Stern's tech tweak is misguided

Published Nov. 18, 2010 12:00 a.m. EST

In the aftermath of the Tim Donaghy controversy, NBA commissioner David Stern has given his refs even more power to influence games.


The NBA’s new emphasis/guidelines on issuing technical fouls is the equivalent of Auburn University naming Cam Newton’s mama athletics director.

Yeah, Cecil Newton is just a rogue parent. There are no other Newtons looking to trade Cam for Cash.


The previous statement is laughable. Just as laughable as the way Stern is trying to crack down on his players for acting like Rasheed Wallace every time the refs blow a whistle. It’s far too subjective, emotional and personal. It leaves far too much power in the hands of people we know can fall victim to corruption.

Of the numerous steps Stern has taken to enhance the image of his players and appeal to the league’s corporate sponsors -- dress code, harsh rules about fighting, etc. -- the tech rule is the lone one I feel is a massive error.

Allow me to clarify. I agree with Stern’s motive. I object to his solution.

Nothing was worse than watching Rasheed Wallace or another unappreciative, undisciplined NBA prima donna yell at a ref while play continued up the court. It created the impression the player cared more about showing up the referees than actually competing.

You watch the NBA to see the world’s best athletes compete, not bicker with a 45-year-old man.

I’m sure the league’s research with customers showed paying fans were turned off by Rasheed’s gyrations, antics and rants.

Two or three years ago, I began telling my friends who follow the NBA that I wished the league would ban players from speaking to the refs. Only the head coach should be allowed to speak to the refs during play and only an assistant coach and a team captain should be allowed to talk to the refs during a stop in the action.

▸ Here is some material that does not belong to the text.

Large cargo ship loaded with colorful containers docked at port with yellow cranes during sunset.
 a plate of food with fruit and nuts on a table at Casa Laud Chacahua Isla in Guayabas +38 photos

Stern’s rule now has the refs trying to interpret body language. This is an absolute recipe for corruption and controversy. Nearly every night there’s at least one example of a ref whistling a player for a tech for no good reason. Basically, a ref can give a team a free throw any time he/she wants to.

If there’s another Tim Donaghy in the league, Stern has armed him with a stealth-like weapon for point shaving.

Besides the corruption aspect, there are additional problems.

The new rule is bad for television. A good TV producer captures the emotion of the game. Lamar Odom driving the lane, sinking a shot, pumping his fist and shouting “and 1” is good TV. In the Lakers’ loss to the Suns, instead of being good TV, it was illegal and a momentum killer. The refs hit him with a technical foul and increased Phoenix’s lead to three points late in the game.

Fans don’t want robots. Within reason, we want to see their emotion. Their body language often signals to us how much they care.

Boston’s Glen “Big Baby” Davis is one of my favorite players to watch. He’s oversized and plays the game with great emotion and energy. I don’t want him containing his emotion out of fear he might get a technical for “showing up” a ref.

OK, you know where this is inevitably headed, right?

Someone is going to claim the application of the rule is discriminatory. The players are predominantly black and the refs are predominantly white. The players are predominantly spoiled millionaires. The refs are predominantly not spoiled millionaires. It’s a culture clash, and one group has all the power.

The new rule invites the referees to settle personal scores with players and/or teams they don’t like. It begs the refs to do exactly what Tim Donaghy claimed a percentage of them were already doing.

Again, I support the intent of the rule. Why not let an uninvolved ref seated court side with a television monitor implement the rule? An objective person removed from the action can more fairly make subjective rulings. Create a sideline ref and let that ref use instant replay to determine whether a player was channeling his inner Rasheed Wallace or simply showing the natural emotion that comes from competition.

Has David Stern ever competed as an athlete? If he had, he’d be more reluctant to adopt rules based solely on the recommendation of a focus group.

If the league really wants to make the game more appealing to its corporate customers, make the tatted players wear long-sleeve jerseys. Tats contribute nothing to the game. Player emotion adds to the drama.